The downloaded folder must be named images and contain four subdirectories: metadata, train, test and val.
These should be the default names, but please ensure that they are correct and place this folder directly into the root directory (see Repository Tree if in doubt where).

Run Analysis

With the folder placed, you can run the full analysis with the bash script as such:

bash run.sh

This achieves the following:

  • Sets up a virtual environment
  • Installs requirements to this environment
  • Builds, trains and tests pretrained CNN model on the data (main.py)
  • Deactivates virtual environment

The classification report and training/validation loss plot will be saved to the out directory.

Model Description

The model was constructed using VGG16 without its top layer to gain embeddings of images. This was fed to a 128 node hidden layer, then to a 64 node layer (both relu activation) and finally the output layer representing the 15 classes.

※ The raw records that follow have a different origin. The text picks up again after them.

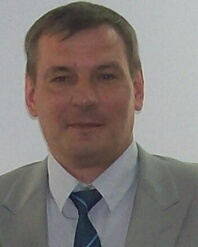 Sergey Sukhoviy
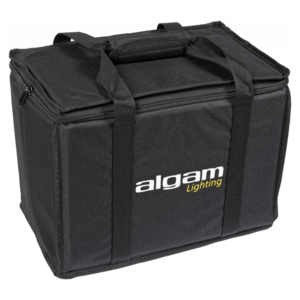 Algam Lighting Draagtas voor 4x SLIMPAR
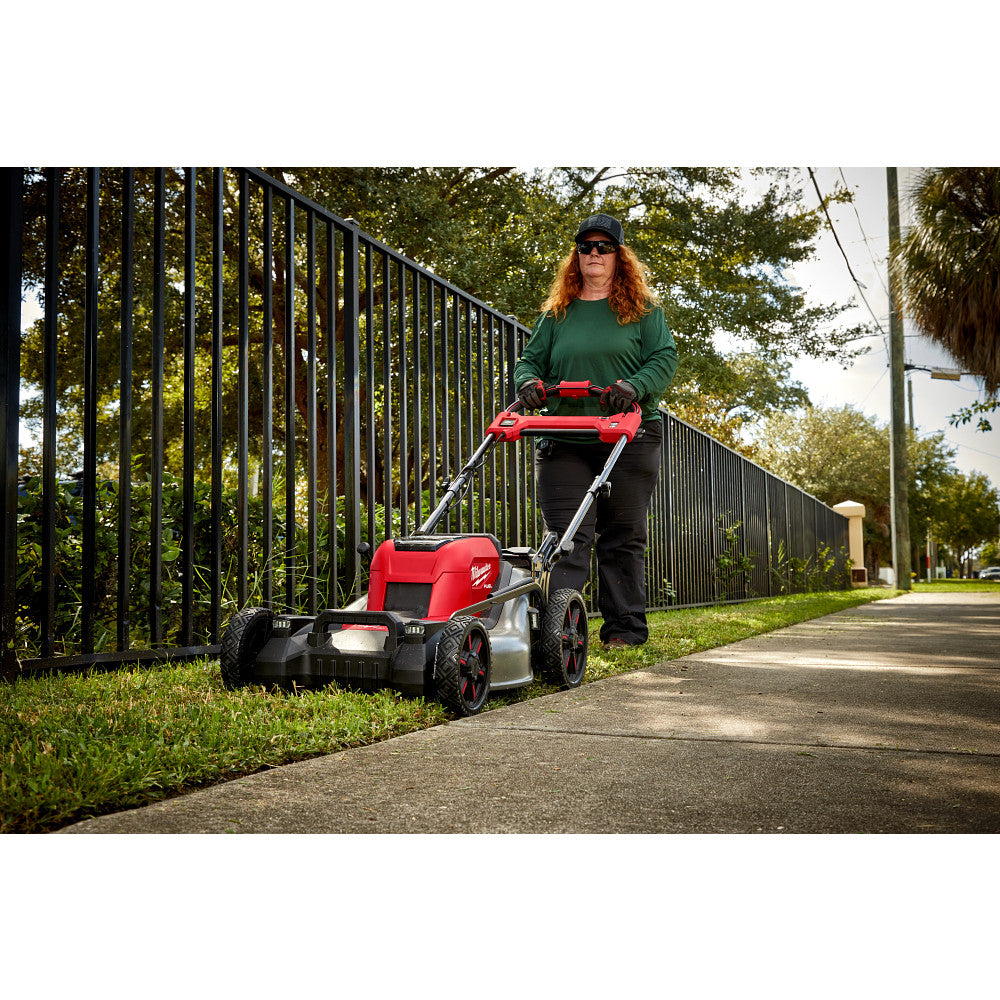 21" Mower Blade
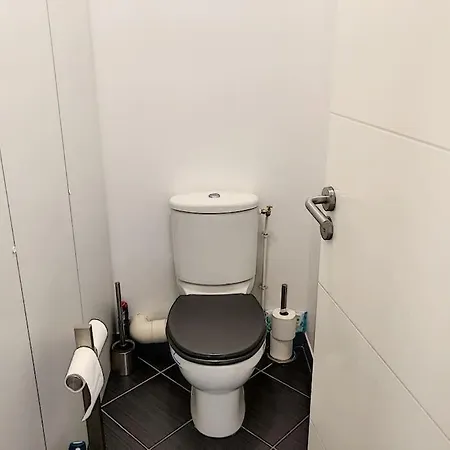 En Entier 2 Διαμέρισμα *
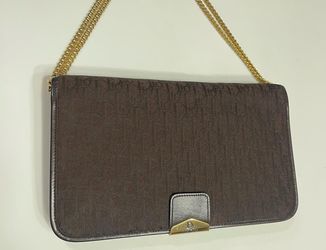 Dior Vintage 3-way Bag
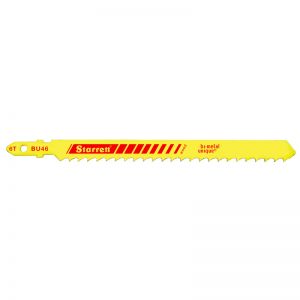 Starrett Jigsaw Wood Blade BU46-2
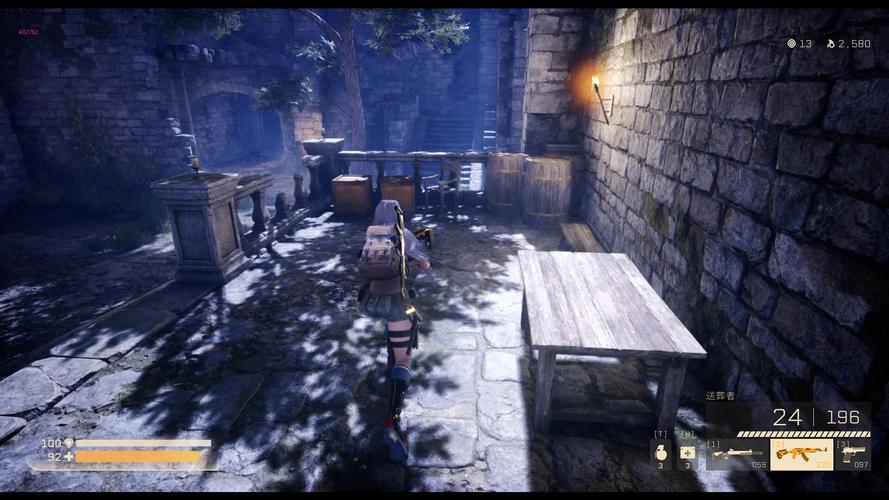 想玩末世少女汉化版？这里提供安全下载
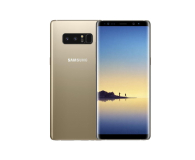 Samsung Galaxy Note 8 N950F Dual SIM Maple Gold - 379466 - zdjęcie 6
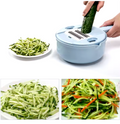 Vegetable Chopper Container - 𝕒𝕝 𝕥𝕒𝕨𝕗𝕚𝕢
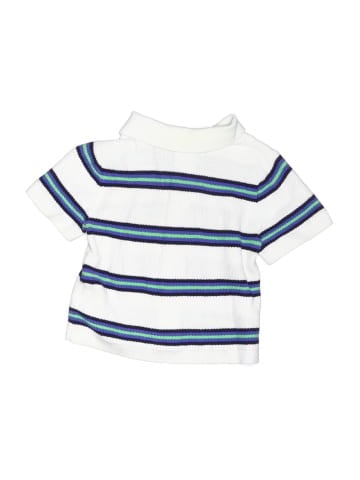 Baby Gap Short Sleeve Button-Down Shirt (view 2)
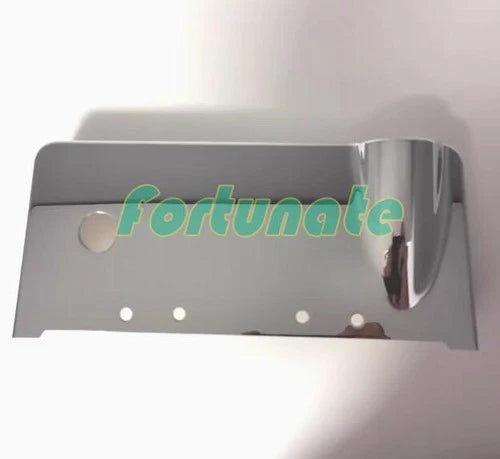 1PC FOR Shower faucet accessories 92164400 Single glass panel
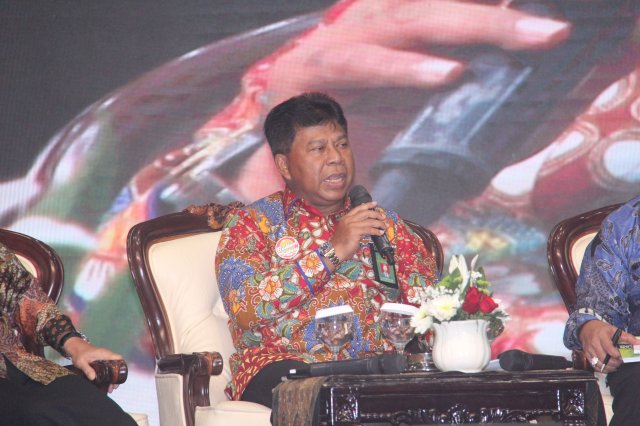 Laptah Kampung Hukum 25-26 Februari 2020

For the full model architecture, please check model_card.txt in the out directory.

The training duration was set for a maximum of 10 epochs, but an early callback function was defined that would restore best weights from earlier if no improvements to the validation loss occured for two consequtive epochs.

As seen from the loss plot, the model training was stopped after 8 epochs, restoring weights from the sixth epoch as those proved the highest.

alt text

Results

This final model achieved an overall F1-score of 0.84 on the test data.

Class Precision Recall F1-Score Support
Blouse 0.95 0.97 0.96 500
Dhoti_Pants 0.89 0.66 0.76 500
Dupattas 0.81 0.71 0.76 500
Gowns 0.75 0.52 0.62 500
Kurta_men 0.88 0.90 0.89 500
Leggings_and_salwars 0.69 0.88 0.77 500
Lehenga 0.93 0.92 0.93 500
Mojaris_men 0.87 0.88 0.88 500
Mojaris_women 0.88 0.87 0.87 500
Nehru_jackets 0.94 0.94 0.94 500
Palazzos 0.96 0.76 0.84 500
Petticoats 0.95 0.89 0.92 500
Saree 0.84 0.94 0.89 500
Sherwanis 0.90 0.91 0.91 500
Women_kurta 0.58 0.89 0.70 500
Accuracy 0.84 7500
Macro Avg 0.85 0.84 0.84 7500
Weighted Avg 0.85 0.84 0.84 7500

Discussion

The high F1-score reveal that the pretrained CNN was able to fit to the data and identify patterns related to garnment type. This result is just slightly lower than the F1-score of 0.88 for the best model in the original paper on the dataset (Rajput & Aneja, 2021).

Interestingly, blouses were almost identified correctly on all instances with an F1 of 0.96. Contrarily, the model struggled with Women Kurtas. The low precision for this class suggests that there were many false positives, i.e. many garnements were suggested to be Woman Kurtas when they were not. As noted by the Rajput & Aneja (2021), this likely pertains to the fact that Woman Kurtas and Gowns are visually similar.

References

  • Singh Rajput, P., & Aneja, S. (2021). IndoFashion: Apparel Classification for Indian Ethnic Clothes. arXiv e-prints, arXiv-2104.